Ten months into Taylor’s stay, the entire U.S. community in the Green Zone—military, diplomats, and civilians alike—moved from Saddam’s palace into a newly constructed and impressively fortified embassy compound. This meant leaving the lavish pool behind, but, much to Taylor’s relief, the new facility had a 25-yard indoor lap pool, open 24 hours a day.
The swimming lessons began one afternoon when Taylor, after his workout, spotted Andre Rambolamanana. A big, strong man from Madagascar, Rambolamanana was an experienced kickboxer, but in the water he was flailing, thrashing so violently that Taylor feared he might drown. So Taylor took Rambolamanana on as a student. Next he signed on Sandy Yannick, also from Madagascar; then Valia Krasteva, from Bulgaria. Before long, strangers started inquiring at Taylor’s office about swim lessons, and he set up two beginner classes a week. Cooks, drivers, translators, peacekeeping troops, helicopter pilots: People from all over the world, from all backgrounds, wanted Taylor to teach them to swim. Merlin Espinal, from Honduras; Maka Berdaze, from Ukraine; Indrani Pal, from India; Mai Shahin, from Lebanon. It was a miniature United Nations. Even J.P. Santana, his friend and fellow mortar-attack survivor with the artificial arm, wanted Taylor to teach him to swim.
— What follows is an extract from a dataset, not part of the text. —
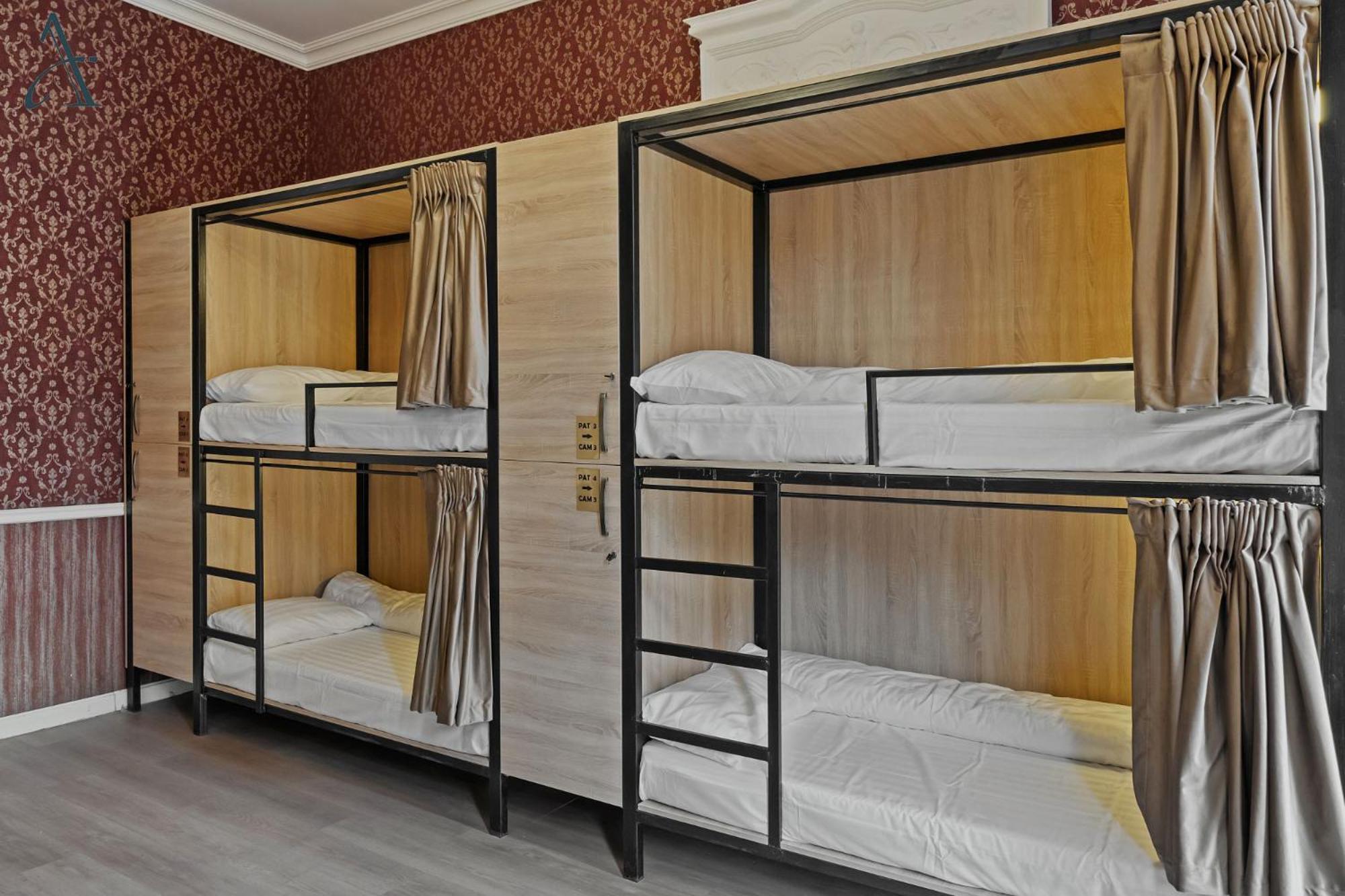 Ramana Garden Hostel - Self-Service Accommodation Bucureşti Eksteriør bilde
Over the two years that Taylor was in Baghdad, the swim-class roster grew to 200 people. Some were rank beginners. (One 32-year-old went from blowing bubbles in February to swimming 25 yards in June.) A few Arab women had never worn swimsuits in public. A handful of pupils, like the security guards from Chile, had no money, so Taylor bought grab bags of goggles and swim caps and gave them to his students to use.
Swimming in the desert sounds great to almost everybody. But for Taylor’s motley crew, the pleasure expanded from the soothing immersion in water to the community that formed around the pool. “We would have a practice, everyone working together, looking a lot alike in swim gear,” Taylor says. In the water, the students enjoyed an unlikely camaraderie. Then practice ended, and the swimmers would disperse: military back in their uniforms, to their barracks and peacekeeping patrols; bureaucrats to their offices; cooks, drivers, and other support staff to their posts. At times, to Taylor, the embassy felt as locked-down and confining as a prison. But in the pool he and his fellow swimmers found solidarity and freedom—always valuable, but, in the Green Zone, also rare.
Today, the Baghdad swim team has scattered. Taylor is now based back in Annapolis, Maryland, doing consulting work on cultural exchange programs and Middle East issues. But in Juarez, Mexico, J.P. Santana is still swimming two or three times a week. The pool is one of his best memories from a tough time. “To me, the swimming classes were like an accent of joy,” he says. “We border people say la cherry en el pastel, the cherry on top of the cake. Or as an Iraqi friend would say: the lamb’s head at the top of the biryani.”